I think there is still a stigma attached to online dating that people are
scraping the bottom of the barrel- amongst women especially. In fact, while
researching dating sites (I was thinking about building a competitive dating
site for Australia in 06/07) I've often come across the phrase "I cant believe
I'm doing this" as the first sentence in a female's profile.

You can have the best dating technology in the world, but the reality is that
there are a significant number of people just dont have profiles that are any
good or a real judge of a person's character. I think this problem is
compounded when you consider that often people dont have very descriptive
profiles when writing something about themselves and often write about tastes
that are seemingly universal but non specific. EG, if I wrote I liked movies,
as opposed to writing I liked Tarantino and Kubrick films.

Often I seen profiles (of both men and women, so this problem is not gender
specific) where people are just trying to meet minimum word counts. Any kind
of matching technology based off keyword matching in this kind of situation
simply fails.

I think for a technology like this to have any decent chance, there would need
to be a couple of core components.

1) Point and click profile writing, where people can click on hobbies and it
can attempt to write something for them. You would also have to ensure that
profile's dont look like canned responses.

2) Photo touching up - Often when I've touched up photo's in photoshop for
others, I find myself using the same techniques, with often very similar
settings on the sliders - if there was a way you could automatically detect
and touch up photos, then it would be fantastic. I'm not sure if there are any
sites out there that currently have this feature, but it would make a great
standalone site too, especially with photo sharing sites and social networking
sites being popular.

3) Profile exporting.
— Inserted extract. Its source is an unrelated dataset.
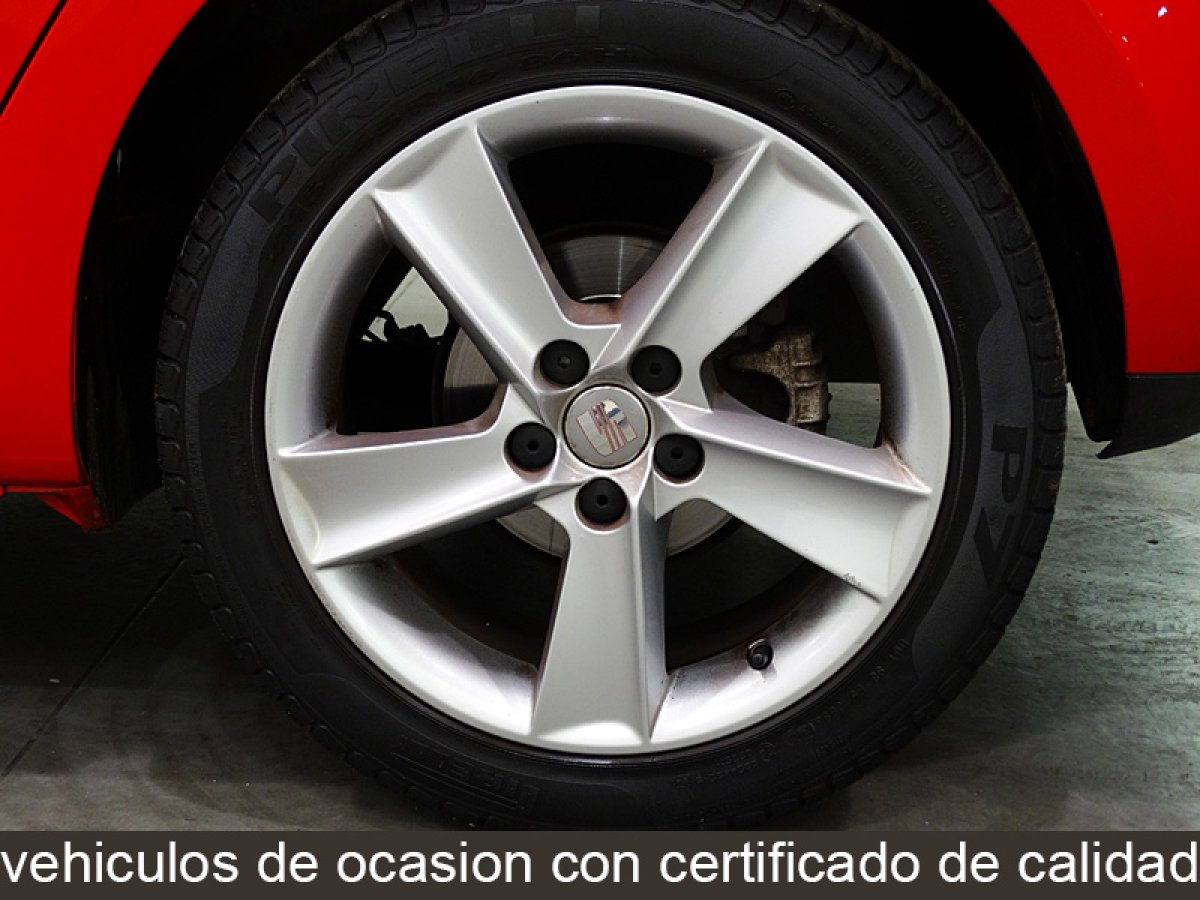 Foto Seat Ibiza 12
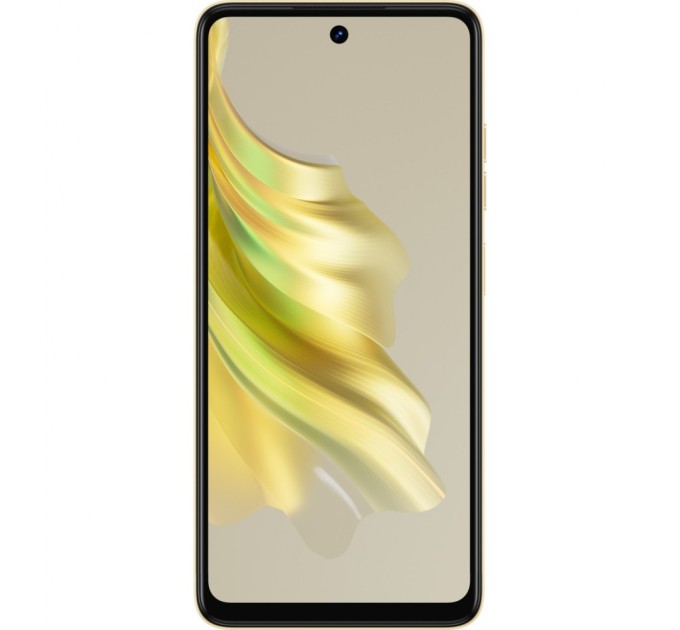 Мобільний телефон Tecno Spark 20 8/128Gb Neon Gold (4894947013560)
If I've written a profile for say match.com and I want
to goto eharmony.com, I dont want have to rewrite significant chunks of it to
match the new format, especially given a large number of people have trouble
writing even one profile.

------
babul
Perhaps a feature like facial merging (a la
<http://news.ycombinator.com/item?id=260642>) of the couple to show potential
cuteness/ugliness of babies is something to consider.

The crowd then chooses couples, and votes on results, and hence couples are
connected/introduced by crowdsourcing.

hotornot + crowdsourcing + topic of common interest to break the ice.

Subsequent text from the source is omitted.